Task =>
Reproduce the listing in its entirety. Do not reproduce the pictures.
══ Given material ══
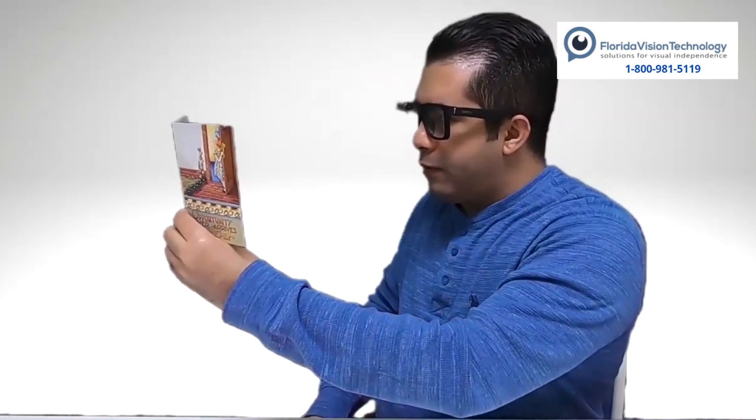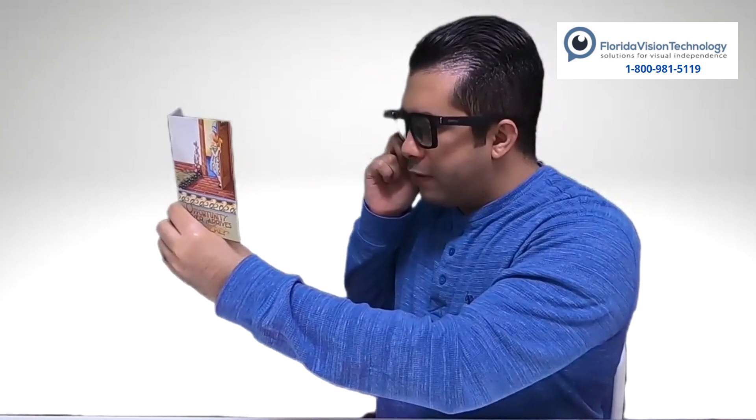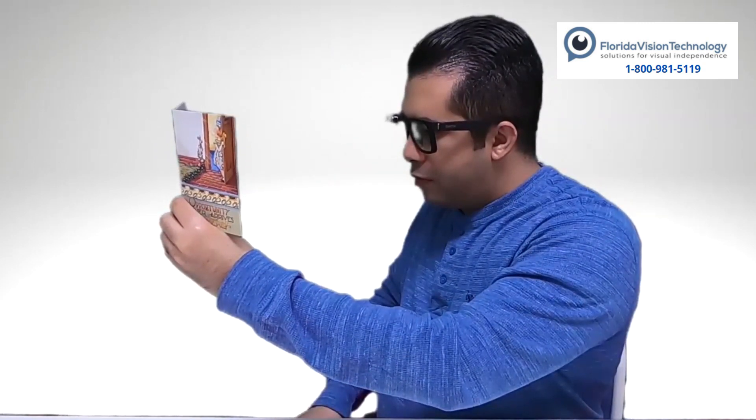The Envision Glasses also gives me the ability, as a blind person, to read handwritten documents. Here I have a card — I'm going to open it up and hold it about 12 inches in front of me, look in the direction of the document, and double tap on Scan Text. You heard the beep twice, the camera shutter — now it's processing. Reader: 'Cindy, congratulations on your new job. I know you will be an amazing teacher. Love, Mom.'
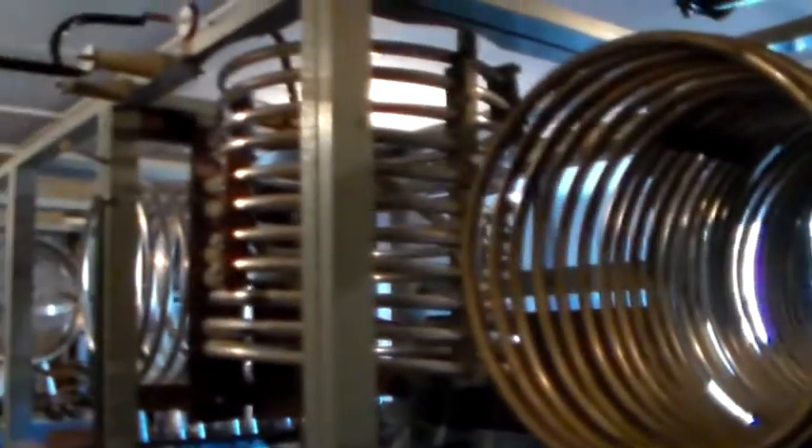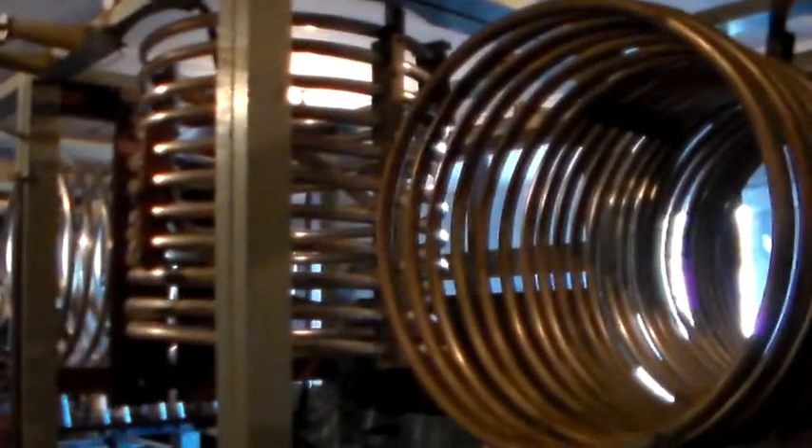As you can see, these big high-power AM broadcasting installations look a lot more like a hardware store than anything you're probably used to dealing with in amateur radio.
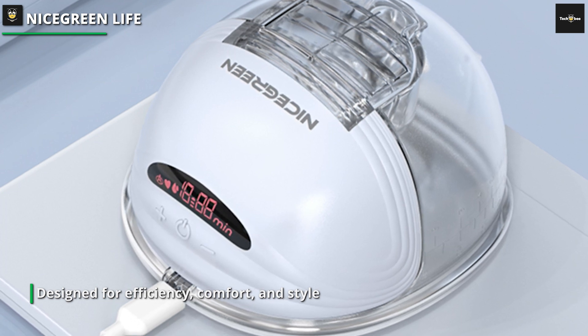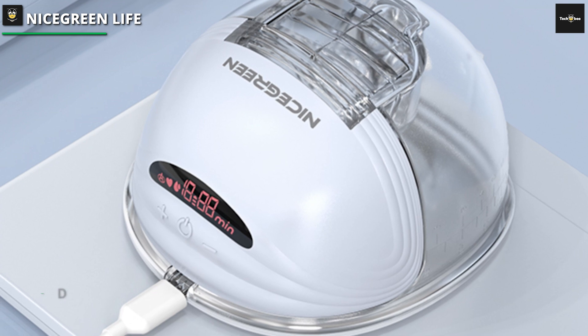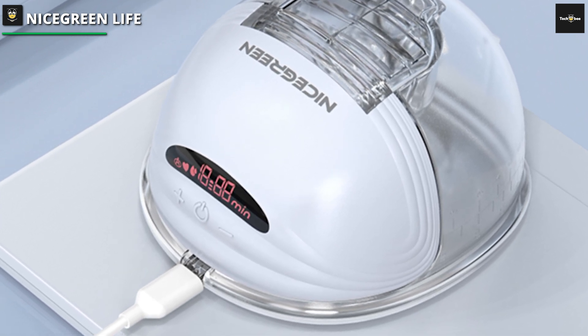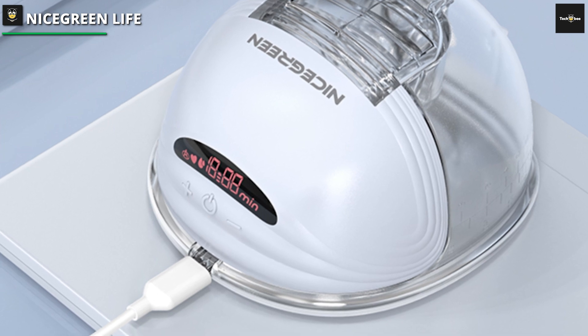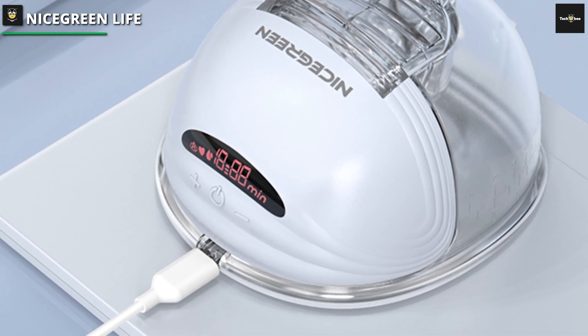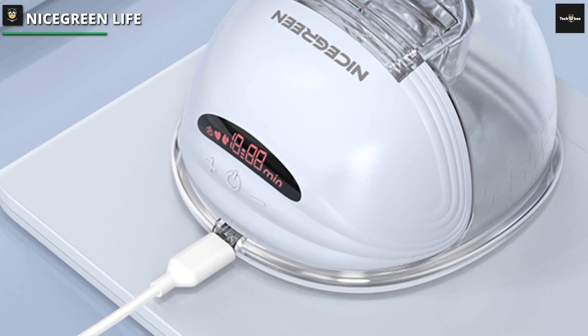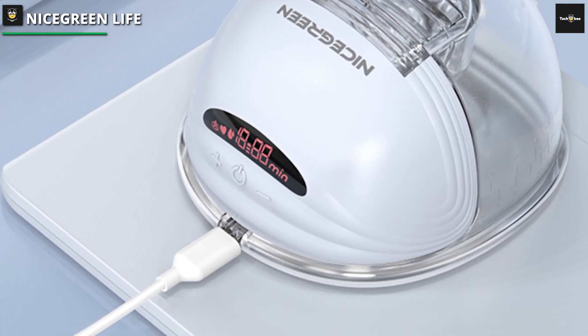Equipped with a large battery, the Nice Green Life Hands-Free Breast Pump provides extended usage on a single charge. The low noise operation ensures a quiet and discreet pumping experience. Simplify your life as a breastfeeding mom with this reliable and innovative hands-free breast pump designed for efficiency, comfort, and style.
═══
Response below =>
The Envision Glasses also gives me the ability, as a blind person, to read handwritten documents. Here I have a card — I'm going to open it up and hold it about 12 inches in front of me, look in the direction of the document, and double tap on Scan Text. You heard the beep twice, the camera shutter — now it's processing. Reader: 'Cindy, congratulations on your new job. I know you will be an amazing teacher. Love, Mom.'
As you can see, these big high-power AM broadcasting installations look a lot more like a hardware store than anything you're probably used to dealing with in amateur radio.
Equipped with a large battery, the Nice Green Life Hands-Free Breast Pump provides extended usage on a single charge. The low noise operation ensures a quiet and discreet pumping experience. Simplify your life as a breastfeeding mom with this reliable and innovative hands-free breast pump designed for efficiency, comfort, and style.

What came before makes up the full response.